MILLIKENj Chief Justice.

This appeal is from a judgment awarding appellees, Audry and Mabel Collins, $14,301. The facts show that the appellant, United Pacific Insurance Company, was surety on the performance bond of the original contractor who undertook to construct two school buildings in Knott County. Upon default of this contractor, the appellant Company entered into a contract dated August 15, 1959, with appellees for the completion of the buildings.

The contract between the Company and the appellees provided that the appellees should receive reimbursement for gross construction cost not to exceed $61,964.91 (including a service fee of $4,500), plus varying amounts for correcting certain defective work of the previous contractor and additional amounts for excavation and filling. In June, 1960, the work not having been completed, appellees were placed in default and a third party contractor selected by the appellant to complete the work.

Appellees brought this action to recover money allegedly owed them for labor and materials. By counterclaim the appellant asserted that it had paid to appellees and the third party contractor “gross costs” far in excess of the maximum amount agreed upon, and asked that whatever it might properly owe appellees under their complaint be offset by this excess and that a judgment in its favor for the difference be entered.

The claims of both parties were submitted to a jury which returned a verdict for appellees in the full amount of their itemized expenses. As ground for reversal, the Company insists that the trial court erred in not granting it a peremptory instruction, for there was no issue of fact to be determined by a jury but. merely an accounting to be made under the written contract. Ap-pellees contend that it was for the jury to determine if the parties were operating under an oral agreement made after the termination of the written contract, when the claimed, expenses were incurred. The key question presented is whether the written contract was terminated.

For appellees to recover in this action, the written contract with its limit on reimbursement for construction must necessarily be deemed terminated or at least modified as to this limit. The instruction under which the appellees recovered assumed that the written contract had terminated six months after the date of its signing or execution.

However, the appellees’ complaint sets out the fact that these parties “continued to work under the terms and the provisions of the aforesaid contracts referred to in Exhibits A and B, until 17th day of June, 1960.” The recovery was sought on the basis of the terms of the written contract. An allegation that this contract was terminated and that recovery was sought under a subsequent oral agreement appears nowhere in the pleadings. (The fact that the allegation of an oral agreement was a surprise to the appellant was brought to the court’s attention by motion to exclude reference to it prior to submission of the case to the jury.)

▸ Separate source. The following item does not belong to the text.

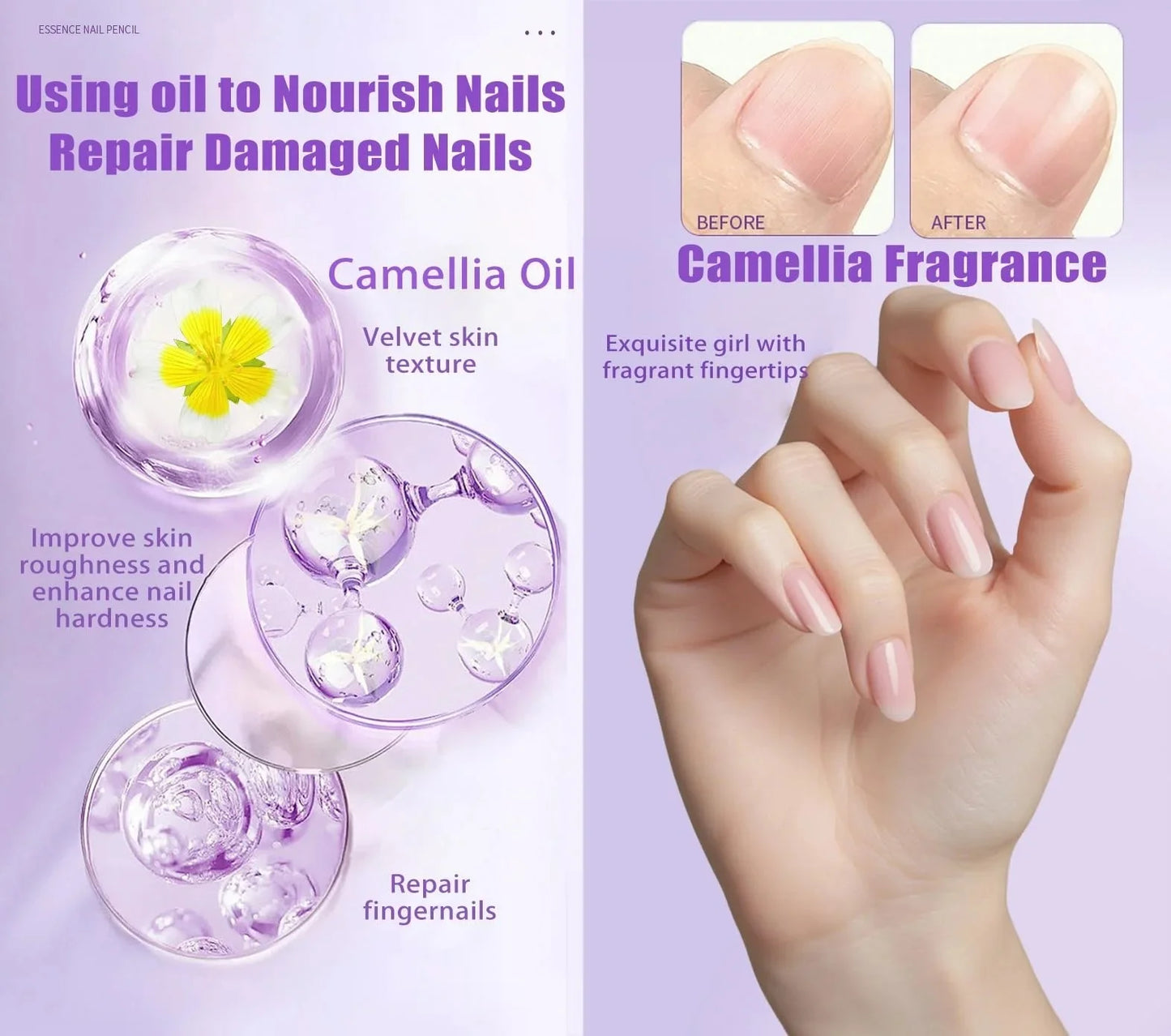 Nail oil pen with jojoba and camellia ingredients for cuticle nourishment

Appellees should not be allowed to recover under a theory directly opposed to the one upon which they based their complaint. When a shift in theory or legal premise is objected to by the opposing party and it appears “that admission of such evidence (supporting an oral contract, in this case) would prejudice him in maintaining his * * * defense upon the merits,” either a continuance should be granted to enable the opposing party to prepare Ms defense or evidence in support of the new theory denied admission. CR 15.02.

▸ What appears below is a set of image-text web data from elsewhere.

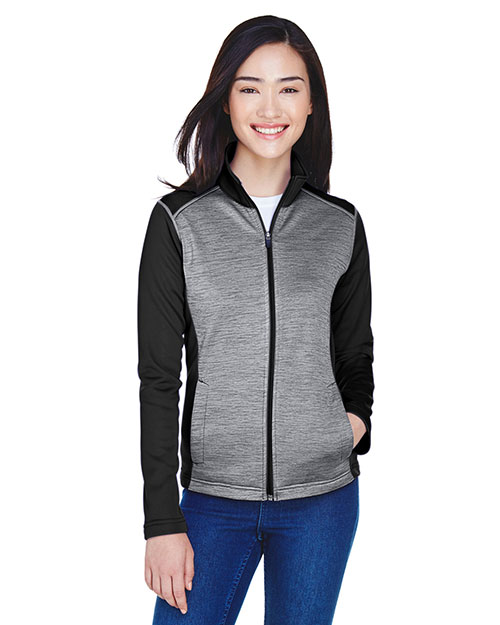 Devon & Jones Ladies' Newbury Colorblock Mélange Fleece Full-Zip 2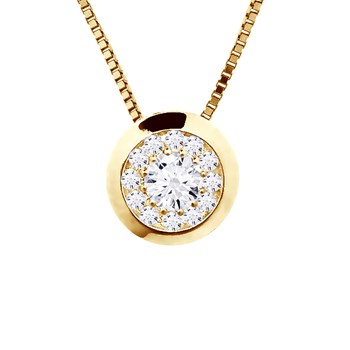 Collier Diamants 0,15 Cts Serti Illusion Or Jaune 18 Carats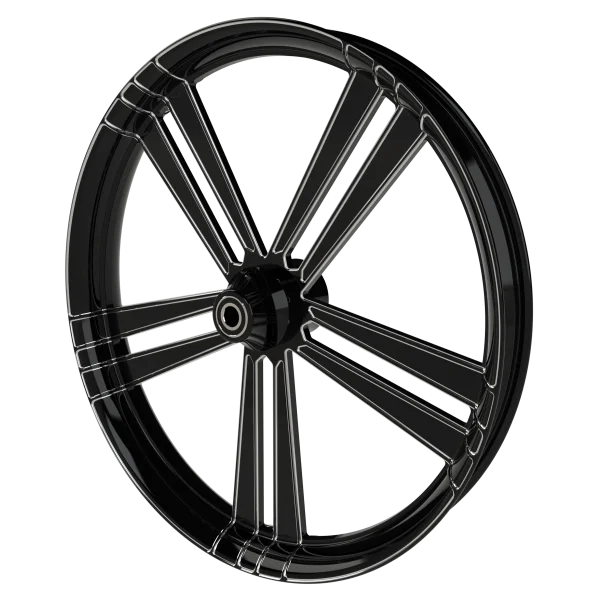 Sinful custom motorycycle wheel in black contrasting cut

Furthermore, on this appeal the appellees maintain that the written contract had ended by its terms on February 15, 1960, six months after the date of its signing. The pertinent section of the contract reads as follows:

*244“The Contractor covenants to complete all work called for by this contract within six (6) months of the date hereof and to indemnify, and save harmless the Surety from any and all loss, liability, claims and damage resulting from any delay in completion of said work beyond said completion date.”

This clause does not provide for an automatic termination. As stated in 13 Am. Jur., 2d, Building and Construction Contracts, Sec. 47% “A mere failure to complete the work within the specified time does not ipso facto terminate the contract, but only subjects to (sic) contractor to damages for the delay.” This statement is applicable to the section of the contract quoted above. The fact that appellant permitted the appellees to try for four more months to finish the school — until mid-June, 1960 — after the February, 1960, intended completion date, certainly did not change the terms of the written contract; it merely waived the time for completion provision for four months.

In support of the judgment in their favor, appellees rely on Green River Steel Corporation v. Globe Erection Company, Ky., 294 S.W.2d 507, wherein we held that by their actions the parties to a contract may waive a provision as to who should decide what is extra work. The only evidence of modification cited by appellees in the instant case refers to the necessity of the architect’s approval of estimates before payment for corrective work subsequent to February 15, 1960. This evidence does not affect the maximum amounts of compensation agreed upon in the written contract for the basic construction. See 3A, Corbin on Contracts, Sec. 720.

Since there was no evidence of an oral modification of the relevant terms of the written contract and the contract did not terminate automatically in February, 1960, the trial court erred in overruling appellant’s motion for a peremptory instruction based on the written contract and for judgment notwithstanding the verdict.

The judgment is reversed with directions to the trial court to determine, directly or with the aid of a commissioner, the net amount, if any, due to the appellant on its counterclaim, to make all appropriate findings of fact and to enter a new judgment based thereon.